To really see Tom at his happiest
and in his element, one would only need to take in a live music performance
with him. The last time Tom and I were at a show was at Cheatham (naturally)
right after I played a restaurant gig he’d booked for me. Tom rode with me to
the gig and spent the brief drive to our shared favorite venue extolling the virtues of
Courtney Patton and Kylie Rae Harris. I knew Kylie from Troubadour TX, but Courtney I hadn’t heard of. If
Tom dug her, though, I figured one of two things: she was a great artist, or
she wasn’t lacking in the looks department (or both). The music I heard that
night blew me away, something that doesn’t happen a lot these days, even though
I’m only thirtysomething. In true Big Tom fashion, his excitement couldn’t be
contained (much like his love of cheap, filling Mexican food) and during
Courtney and Kylie Rae’s set, he rattled off snippets about other shows of
theirs he’d seen or anecdotes about Courtney’s songwriting prowess, and this
was on a night when the “Listening Room Night. Please Be Quiet” sign was taped
to the front door. Sorry about that, Kent. :)
I’ve been lucky to have a lot of
praise given to me and my musical efforts, but one of the comments I will
always treasure is what Tom told me at a party one night about my Winter Garden album. I told him that I
was getting ready to start recording a new album (a project that is still in
the works) and Tom asked if I’d been writing. I told him about some of the
(then) new songs I was so proud of, and Tom said, “Really looking forward to
it. The Winter Garden album is just
so good. I love those songs on there.” That sort of thing floored me, especially
considering how high Tom’s standards were. He didn’t hold back his opinions on
music. He was friends with Stoney LaRue and had worked with him, but even so,
he wasn’t afraid to tell him that he didn’t think his last album was up to
snuff. On the positive side of his critical eye, I’d found out from the last
visit I had with Tom that he’d placed Matt Harlan’s Bow and Be Simple album as Number One (it is a masterpiece, by the
way) for a column he was writing, a year-end “best of Texas Music” type list,
for Lone Star Music magazine, I think. Matt was tickled pretty pink when I told
him about that, and he’s won just about every major songwriting award you can
think of.
One of my favorite Big Tom moments
(and the one I told at his memorial service) happened after I’d played a South
By Southwest showcase he’d set-up. We were walking down the street, out in Austin,
and both feeling pretty jazzed from a night of good times and tunes. I’d just
debuted a new song, which would be the first song on the aforementioned Winter Garden project. It was called
“Highway Shoes,” and one of the lines in it goes “I just can’t retire my old
highway shoes.” Well, as we walked and talked, the sole of my boot just gave up
the ghost. It flopped forward, noodle-limp. I froze and cursed. Tom just
pointed and laughed, “Well, Chris, I guess you’ll have to retire those old
‘highway shoes.’” It’s hard to play that song now and not think of Big Tom. I
was unable to play an instrument at the memorial, so I did that song acapella.

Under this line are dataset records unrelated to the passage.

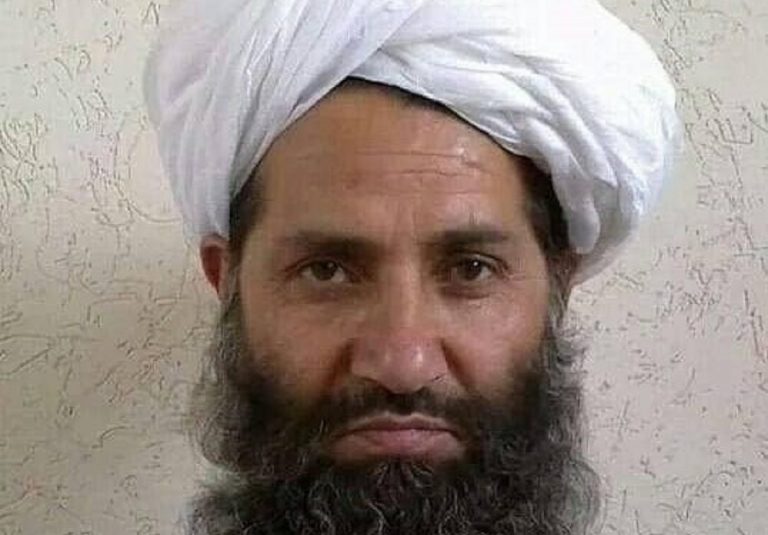 Hibatullah Akhundzada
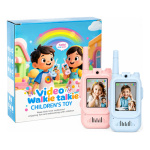 Walkie Talkie Con Pantalla Handy Infantil Niños Lt-26019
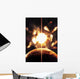 Last Moment Earth as Wall Decal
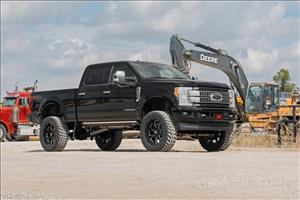 6 Inch Lift Kit Diesel OVLD C/O V2 Ford F-250/F-350 Super Duty (17-22) Rough Country
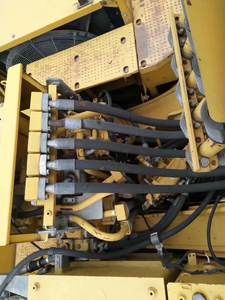 รถขุดดินไฮดรอลิคแบบใช้390D สำหรับแมวอุปกรณ์ขุดดิน345D มือสอง90ตัน336E 340E - Product Image 2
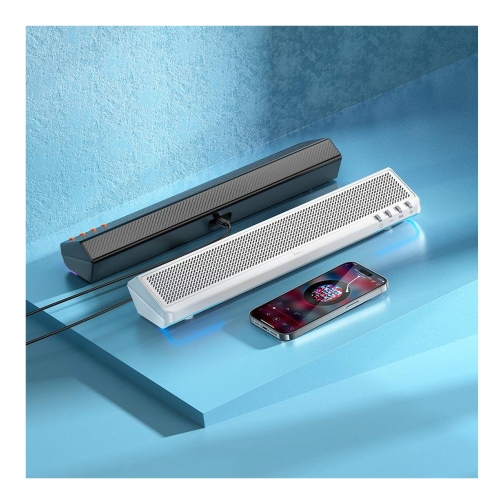 Купити Комп'ютерні колонки Hoco BS66 Smooth USB2.0, 11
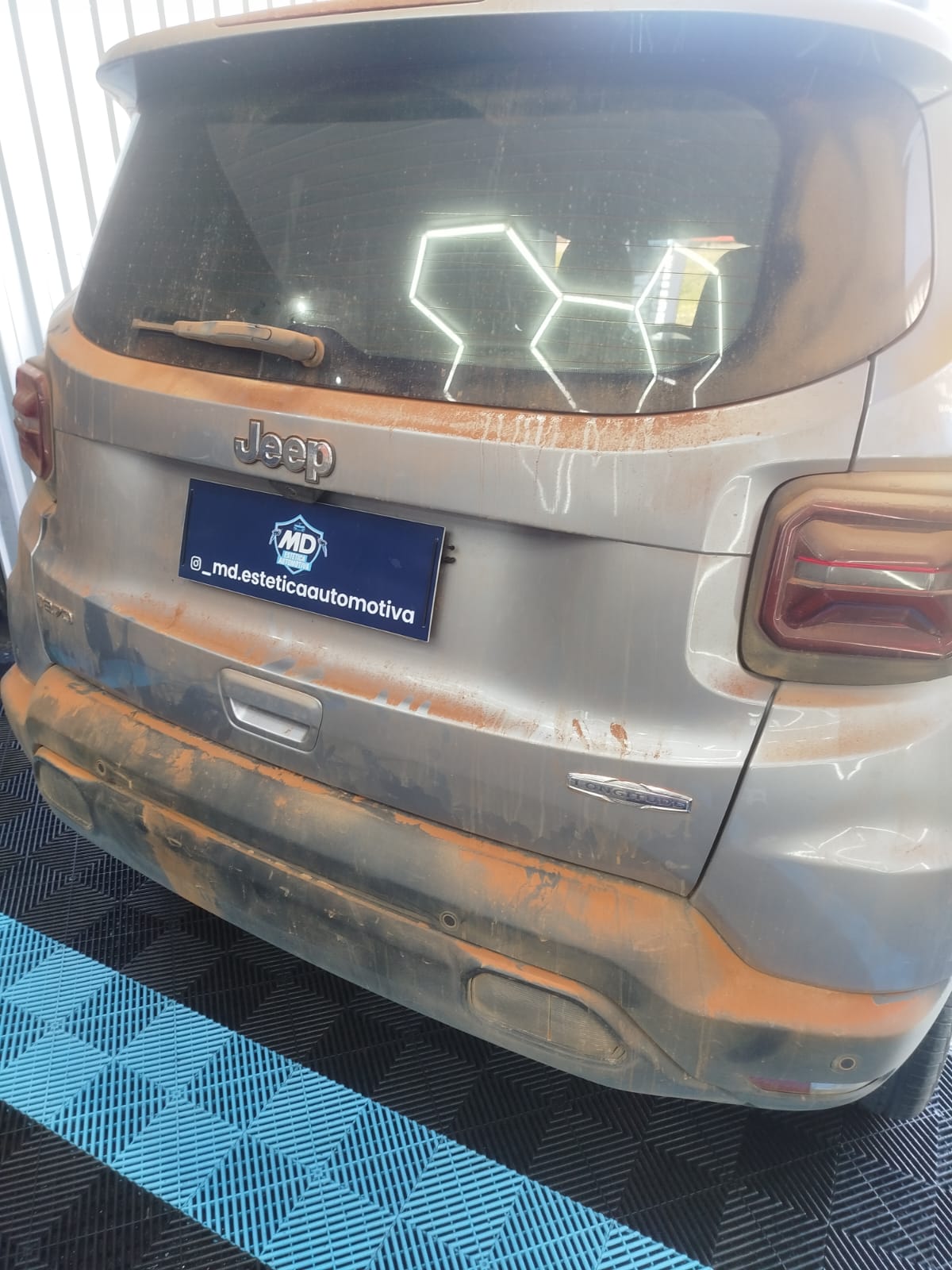 estética automotiva em Campinas - resultado real (foto 9)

I’d played it before on the Cheatham stage and dedicated it to him because of
that night in Austin, but I never
thought I’d be singing it a memorial service for him.
Tom never sat out to be a power
player in the world of Texas
music, but that’s what he was. In ways, he might not portray the conventional
meaning of such a term, but the man worked harder than anyone to further the
cause, and more often than not, to little reward. Sometimes I felt that just
being at a show with his friends was the greatest reward for him. He told me at
his birthday party, “I’ve got some of the best friends in the world, and I get
to hear them play some badass music. My life’s pretty great, man.” The way he
cared about his friends showed itself, not in direct “I love you, man!”-style messages
or whatever, but in his actions and in the jocular fellowship one could expect
when at a show or party with Big Tom. I recall one mutual friend who was having
a terrible time of it, and Tom stayed up all night one the phone with him, shooting
the shit with him just to make sure he’d be alright. At his memorial, Cara
Miller (Radio Free Texas’s First Lady) made note of how Tom never missed a
chance to express his love for friends.
Big Tom’s memorial (held at
Cheatham, of course) featured many funny stories about Tom, along with some
touching recollections of the man who brought so many people together. I hadn’t
seen the Warehouse quite so full in a good long while, but it just spoke to the
fact that so many people loved Big Tom. Right after I saw word of his passing
on Facebook, the entire network of Texas
musicians, music fans and fellow promoters/booking agents on the site was abuzz
with tributes to him, and radio stations had moments of silence in his honor. I
can’t remember ever having been so prolific on Facebook in the wake of the
news. I kept checking the site, searching for mentions of him, just hoping it
had all been a terrible mistake and that somewhere Tom was just fine, watching
a band play and giving buddies at the bar the play-by-play on the band and its
songs.
The night before the memorial, Liz
and I sat on a porch at a friend’s house in Gruene, sipping whiskey and
Shiners. It was a small gathering of some fellow RFTers. Some bittersweet
memories were exchanged. Both Daniel Miller and I tried to keep it in check by
exchanging tales of misadventures fueled by Jagermeister, and Liz tried to
bring a little humor into the mix, making mention of Tom's Tex Mex-fueled
gastrointestinal exploits, but ultimately, despite mine (and the others’) intoxication
and the laughter (both of which Tom would’ve wanted, this I know) I saw a
moment that just nailed the fact that we’re all connected here on this big ball
of water and soil. I’d stepped inside the house to grab another beer and found
Cara alone and crying. I hugged her and although I couldn’t think of anything
consoling or meaningful to say, I cried with her and the numbness I’d felt
since the news came to me left.
All of us were richer just for
knowing Big Tom. We’ll have those memories. Some respective, some shared, but
regardless, there are people in the world who didn’t know Big Tom and are
poorer for having never met him, but not us. Not those of us who hung out at
Melissa’s house that night, or those of us who were at Cheatham Street the next
day, or anyone in San Marcos or Austin (or wherever) driving around in a
vehicle with the Big Tom tribute sticker. He’s a part of all of us.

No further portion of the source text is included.